Le spectacle est beau à voir même si, d’un point de vue esthétique, il semble terriblement branché avec
« Half Straddle » bien en vue sur le mur du fond du New Ohio en caractères arrondis et tendances et les acteurs qui
donnent l’impression de sortir d’une séance de photos de mode pour un blog fashion de Brooklyn. Les costumes, qui
sont très beaux, sont de Enver Chakartash. Les lumières de Zack Tinkelman sont essentielles en ce qu’elles créent des
transitions entre les courtes scènes et nous aident à différencier ce qui serait sans elles de très subtils changements de
tons. Le décor de Andreea Minic inclut un raton laveur empaillé et une minuscule reproduction de St Basil, la cathédrale
de Moscou, ainsi que d’autres objets tels que des chaussons de danse et des poupées russes installées sur des
piédestaux qui quittent la scène une fois que les acteurs y entrent.

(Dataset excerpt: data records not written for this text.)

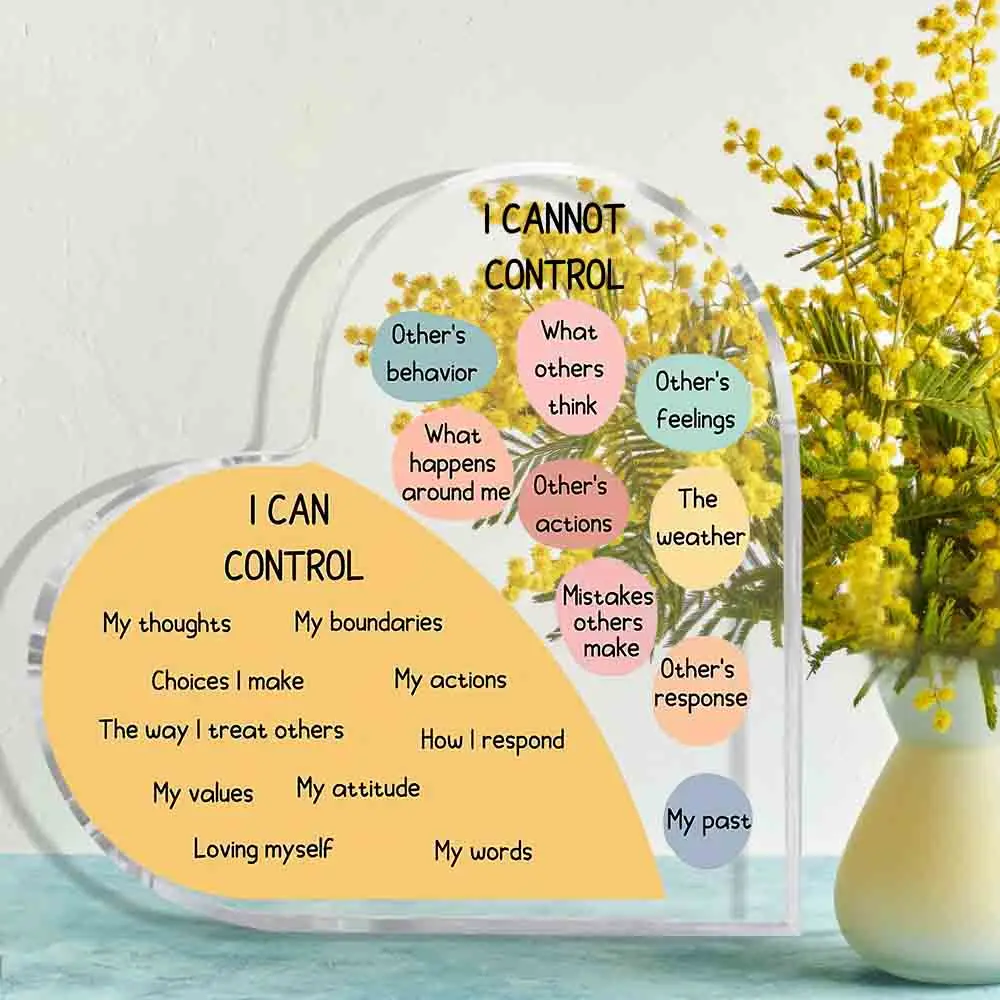 Things I Can Control Health Decor, Acrylic Heart Gifts Mindfulness Decor for Therapy Office, School Counselor Sign Office Art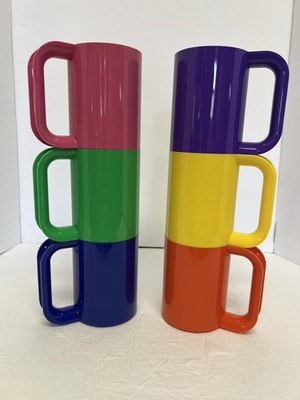 Vtg NOS Heller Maxmug 6 Piece Rainbow Massimo Vignelli Melamine Stackable MCM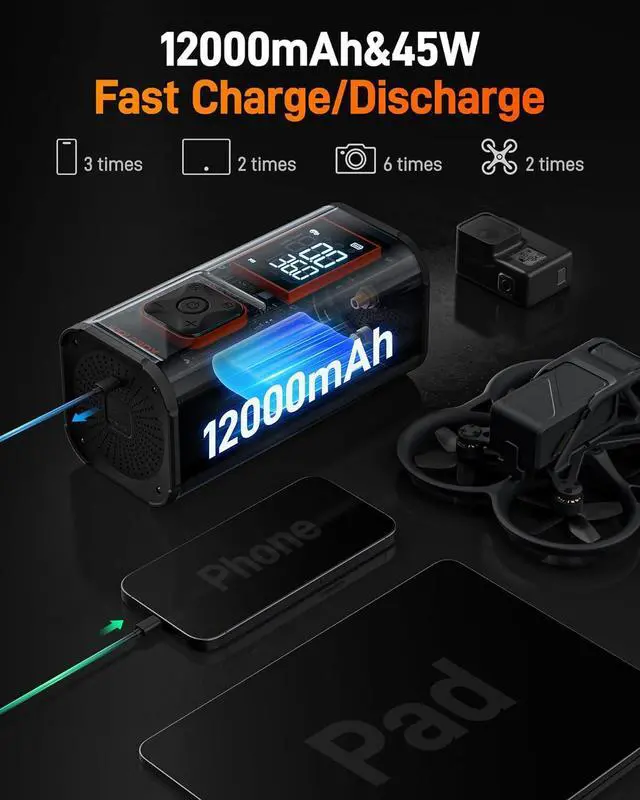 Alt view image 6 of 7 - WOLFBOX Cordless Tire Inflator - 150 PSI Digital Air Compressor, 12000mAh 58LPM Fast Air Pump Rechargeable Battery, Emergency LED Light for Cars, Trucks, Bikes, RV & Motorcycles (Black)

Le spectacle nous amène au célèbre discours de Nina dans lequel elle se compare à l’oiseau éponyme de la pièce et
que Davis interprète merveilleusement. Bien que la pièce capture notre attention d’une scène à l’autre, j’y ai trouvé
presque plus de plaisir rétrospectivement. Nous quittons le théâtre avec des impressions fragmentaires et il est agréable
d’y trouver du sens alors que celui-ci nous échappait plutôt lors de la représentation. Comme Treplev, l’aspirant
dramaturge, répond au commentaire sur les talents au théâtre :
« Les talents exceptionnels se font peut-être rares aujourd’hui, je vous l’accorde, mais il en est de modestes qui
produisent un travail plein de subtilité ».